Section 6. Reports as to Adjustments.
Whenever the number of shares of Class A Common Stock into which each share
of Series C Convertible Preferred Stock is convertible is adjusted as provided
in Section 5 hereof, the Company shall promptly mail to the holders of record of
the outstanding shares of Series C Convertible Preferred Stock at their
respective addresses as the same shall appear in the Company's stock records, or
send by facsimile at the facsimile number provided by such holders to the
Secretary of the Corporation, a notice stating that the number of shares of
Class A Common Stock into which the shares of Series C Convertible Preferred
Stock are convertible has been adjusted and setting forth the new number of
shares of Class A Common Stock (or describing the new stock, securities, cash or
other property) into which each share of Series C Convertible Preferred Stock is
convertible, as a result of such adjustment, a brief statement of the facts
requiring such adjustment and the computation thereof, and when such adjustment
became effective.
Section 7. Redemption. The Series C Convertible Preferred Stock is not
redeemable.
Section 8. Notices of Record Date.
In the event of (1) any taking by the Company of a record of the
holders of any class or series of securities for the purpose of determining the
holders thereof who are entitled to receive any dividend or other distribution
or (2) any reclassification or recapitalization of the capital stock of the
Company or any voluntary or involuntary dissolution, liquidation or winding up
of the Company, the Company shall send by personal delivery to such holder at
the address appearing on the books of the Company, by first class mail
addressed, postage prepaid, and addressed to the holder at the address appearing
on the books of the Company, or by sending of facsimile to such holder at the
facsimile number provided by such holder to the Secretary of
1057(3).nks 9 November 10, 1997
the Company, at least 30 days prior to the record date specified therein, a
notice specifying (A) the date on which any such record is to be taken for the
purpose of such dividend or other distribution and a description of such
dividend or distribution, (B) the date on which any such reorganization,
reclassification, dissolution, liquidation or winding up is expected to become
effective, and (C) the time, if any is to be fixed, as to when the holders of
record of Series C Convertible Preferred Stock shall be entitled to exchange
their Series C Convertible Preferred Stock for securities or other property
deliverable upon such reorganization, reclassification, dissolution, liquidation
or winding up.
Section 9. Certain Restrictions.
Without the consent of a majority of the outstanding Series C
Convertible Preferred Stock, the Company shall not (A) issue any additional
equity security equal to or higher in seniority than the Series C Convertible
Preferred Stock, (B) declare or pay dividends, or make any other distributions,
on any shares of Common Stock or other capital stock ranking equal or junior
(either as to dividends or upon liquidation, dissolution or winding up) to the
Series C Convertible Preferred Stock; (C) redeem or purchase or otherwise
acquire for consideration any shares of Common Stock or other capital stock
ranking equal or junior (either as to dividends or upon liquidation, dissolution
or winding up) to the Series C Convertible Preferred Stock; or (D) purchase or
otherwise acquire for consideration any shares of Series C Convertible Preferred
Stock.
Section 10. Reacquired Shares.
Any shares of Series C Convertible Preferred Stock converted, purchased or
otherwise acquired by the Company in any manner whatsoever shall be retired and
cancelled promptly after the acquisition thereof, and, if necessary to provide
for the lawful purchase of such shares, the capital represented by such shares
shall be reduced in accordance with the General Corporation Law of the State of
Delaware.

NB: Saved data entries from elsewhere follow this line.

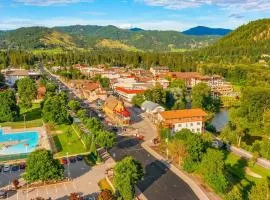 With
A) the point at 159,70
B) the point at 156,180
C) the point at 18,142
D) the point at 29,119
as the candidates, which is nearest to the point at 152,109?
the point at 29,119

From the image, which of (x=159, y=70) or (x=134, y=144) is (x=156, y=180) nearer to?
(x=134, y=144)

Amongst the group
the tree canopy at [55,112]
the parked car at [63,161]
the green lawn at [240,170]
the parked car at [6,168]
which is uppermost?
the tree canopy at [55,112]

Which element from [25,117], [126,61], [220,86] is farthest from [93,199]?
[126,61]

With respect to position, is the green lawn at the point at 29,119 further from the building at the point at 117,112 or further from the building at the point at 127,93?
the building at the point at 127,93

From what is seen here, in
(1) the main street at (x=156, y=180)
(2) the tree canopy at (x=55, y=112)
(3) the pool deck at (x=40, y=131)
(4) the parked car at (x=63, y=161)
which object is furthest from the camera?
Result: (2) the tree canopy at (x=55, y=112)

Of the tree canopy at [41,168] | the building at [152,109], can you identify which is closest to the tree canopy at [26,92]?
the building at [152,109] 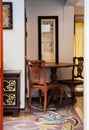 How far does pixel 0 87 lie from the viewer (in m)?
2.84

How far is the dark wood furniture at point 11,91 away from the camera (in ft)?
14.5

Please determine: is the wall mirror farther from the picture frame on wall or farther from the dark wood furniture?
the dark wood furniture

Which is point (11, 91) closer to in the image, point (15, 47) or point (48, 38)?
point (15, 47)

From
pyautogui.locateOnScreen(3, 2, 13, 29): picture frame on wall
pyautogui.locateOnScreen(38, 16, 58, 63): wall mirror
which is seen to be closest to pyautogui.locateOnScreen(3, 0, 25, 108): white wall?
pyautogui.locateOnScreen(3, 2, 13, 29): picture frame on wall

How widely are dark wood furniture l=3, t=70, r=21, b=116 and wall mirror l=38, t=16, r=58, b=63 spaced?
1.84 metres

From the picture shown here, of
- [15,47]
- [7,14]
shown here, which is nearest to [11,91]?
[15,47]

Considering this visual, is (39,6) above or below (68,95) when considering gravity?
above

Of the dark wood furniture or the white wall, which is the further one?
the white wall

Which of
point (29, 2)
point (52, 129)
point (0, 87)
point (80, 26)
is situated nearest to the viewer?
point (0, 87)

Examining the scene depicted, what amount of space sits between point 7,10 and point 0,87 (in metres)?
2.31

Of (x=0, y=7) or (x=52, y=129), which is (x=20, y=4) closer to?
(x=0, y=7)

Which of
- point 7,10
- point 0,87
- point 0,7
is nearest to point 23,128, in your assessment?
point 0,87

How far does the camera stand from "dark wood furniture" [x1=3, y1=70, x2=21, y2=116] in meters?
4.42

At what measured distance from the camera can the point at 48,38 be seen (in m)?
6.16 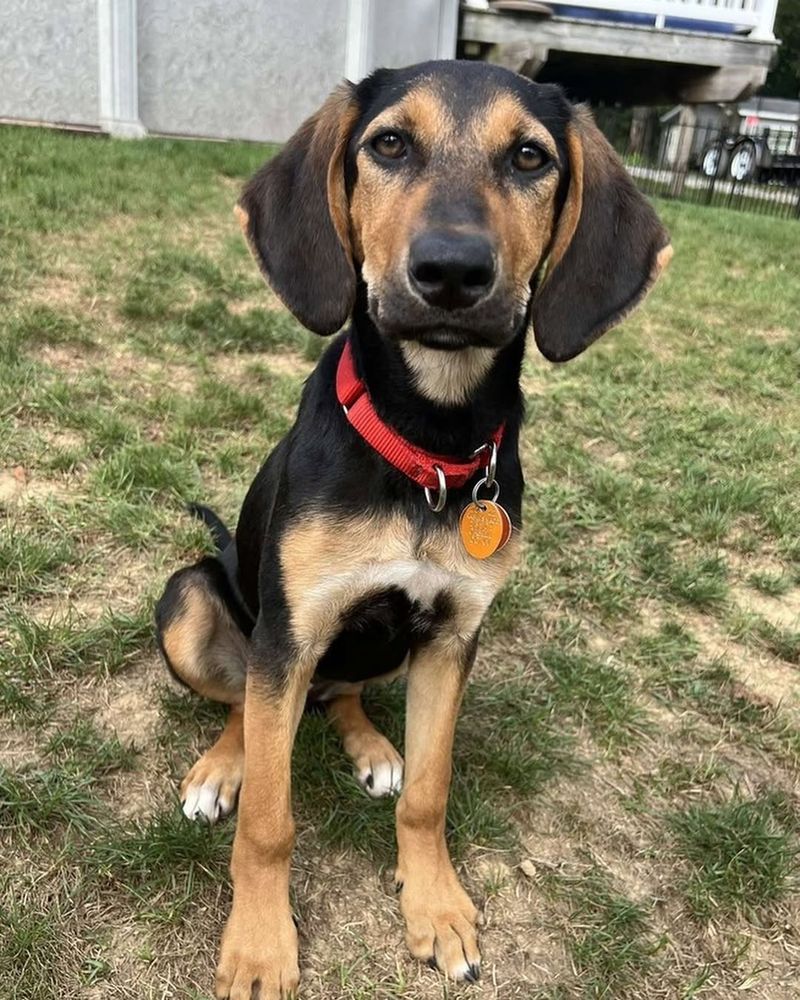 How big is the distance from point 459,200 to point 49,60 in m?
12.2

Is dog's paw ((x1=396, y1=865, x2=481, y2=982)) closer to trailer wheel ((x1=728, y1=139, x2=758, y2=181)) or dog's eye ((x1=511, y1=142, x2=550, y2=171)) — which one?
dog's eye ((x1=511, y1=142, x2=550, y2=171))

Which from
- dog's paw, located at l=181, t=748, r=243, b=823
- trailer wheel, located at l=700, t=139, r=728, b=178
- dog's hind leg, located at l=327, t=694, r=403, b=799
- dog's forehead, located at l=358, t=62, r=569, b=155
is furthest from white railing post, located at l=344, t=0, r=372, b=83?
dog's paw, located at l=181, t=748, r=243, b=823

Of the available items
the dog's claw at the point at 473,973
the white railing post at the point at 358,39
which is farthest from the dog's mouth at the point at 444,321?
the white railing post at the point at 358,39

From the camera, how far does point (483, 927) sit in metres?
2.49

All such shares shall upon their cancellation become authorized but
unissued shares of Preferred Stock, $0.001 par value, of the Company and may be
reissued as part of another series of Preferred Stock, $0.001 par value, of the
Company.
Section 11. Certain Definitions.
For the purposes of the Certificate of Designations of Series C Convertible
Preferred Stock which embodies this resolution:
"Trading Day" means a day on which the principal national securities
exchange on which the Common Stock is listed or admitted to trading is open for
the transaction of business or, if the Common Stock is not listed or admitted to
trading on any national securities exchange, any day other than a Saturday,
Sunday, or a day on which banking institutions in the State of California are
authorized or obligated by law or executive order to close.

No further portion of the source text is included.